:: SUPPLIED DATA

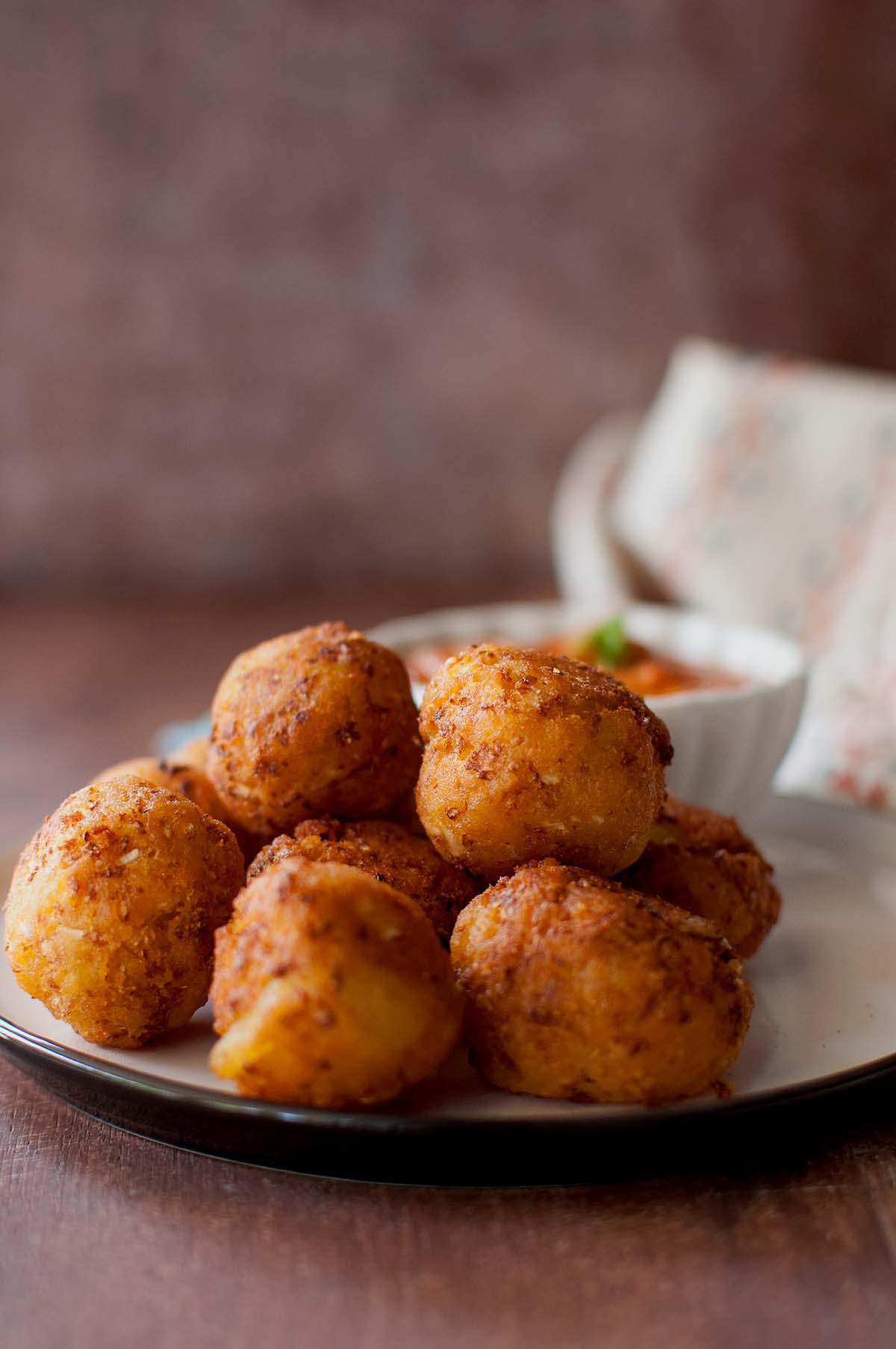 Black plate with crispy cauliflower kofta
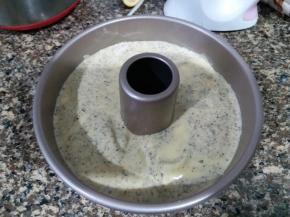 翻拌均匀之后倒入到模具内。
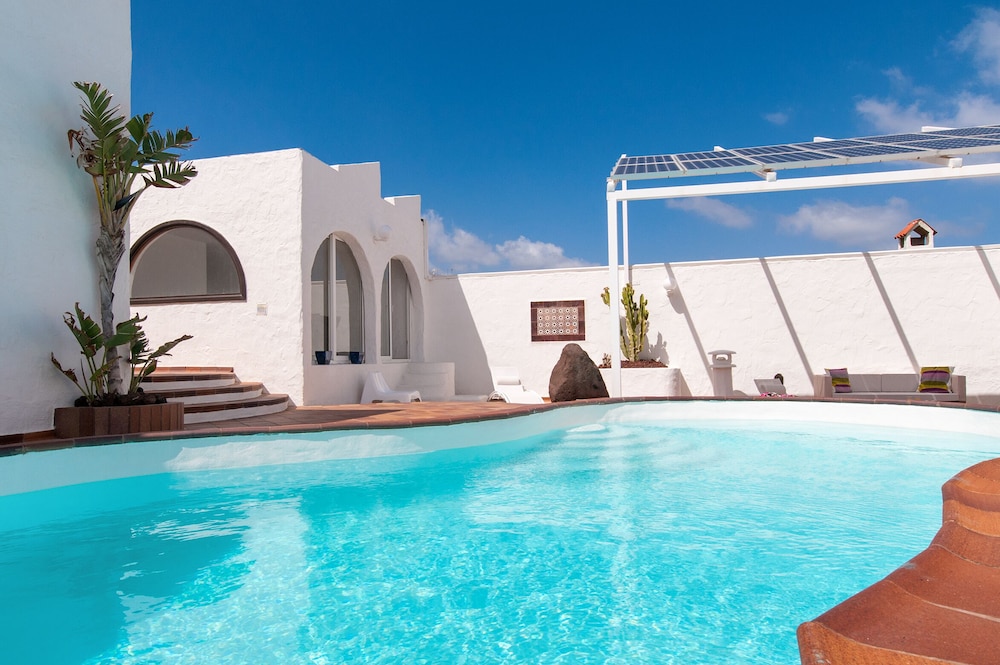 House, 4 Bedrooms, Smoking, Private Pool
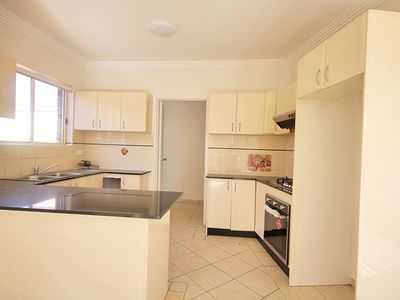 1 / 44 Clissold Parade, Campsie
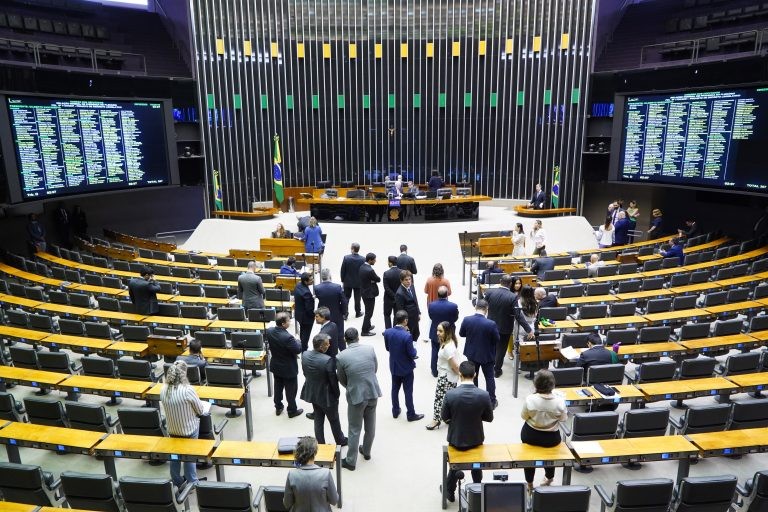 Câmara aprova dois acordos internacionais e homenagem a cirurgião oncológico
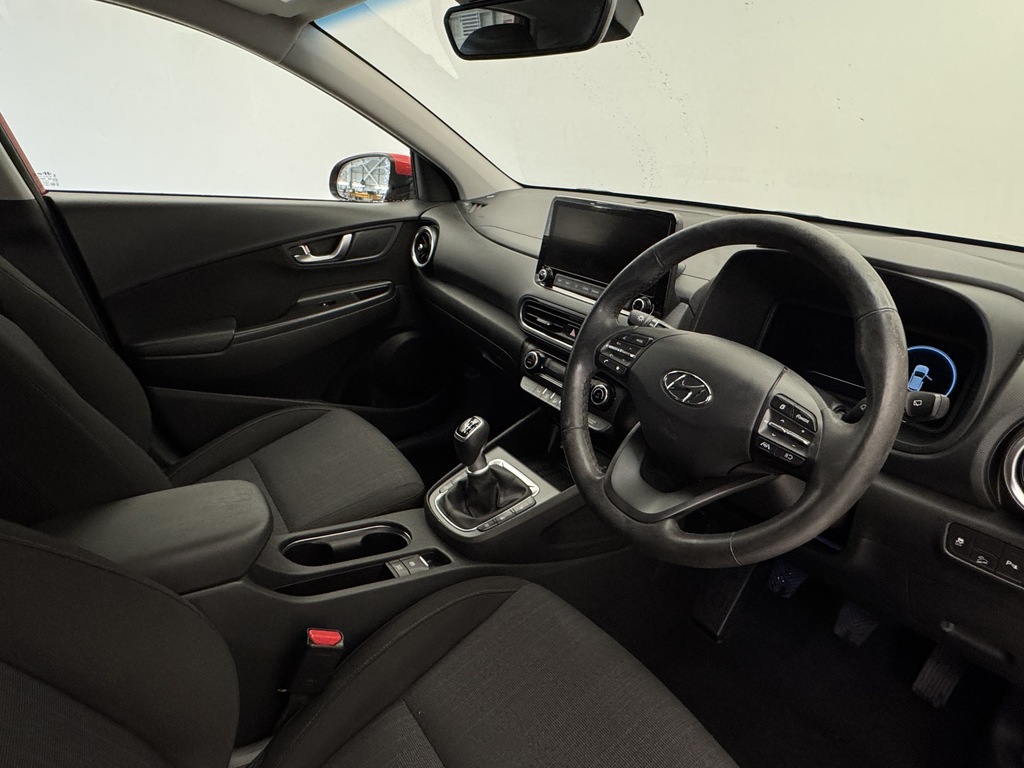 Hyundai Kona Premium Grey #26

::::

INSTRUCTIONS TO FOLLOW -
Please copy, exactly as written, the lines from the one that contains "House, 4 Bedrooms, Smoking, Private Pool" through the end of the records, both ends included. Do not include the pictures.

EXERCISE OUTPUT -
 House, 4 Bedrooms, Smoking, Private Pool
 1 / 44 Clissold Parade, Campsie
 Câmara aprova dois acordos internacionais e homenagem a cirurgião oncológico
 Hyundai Kona Premium Grey #26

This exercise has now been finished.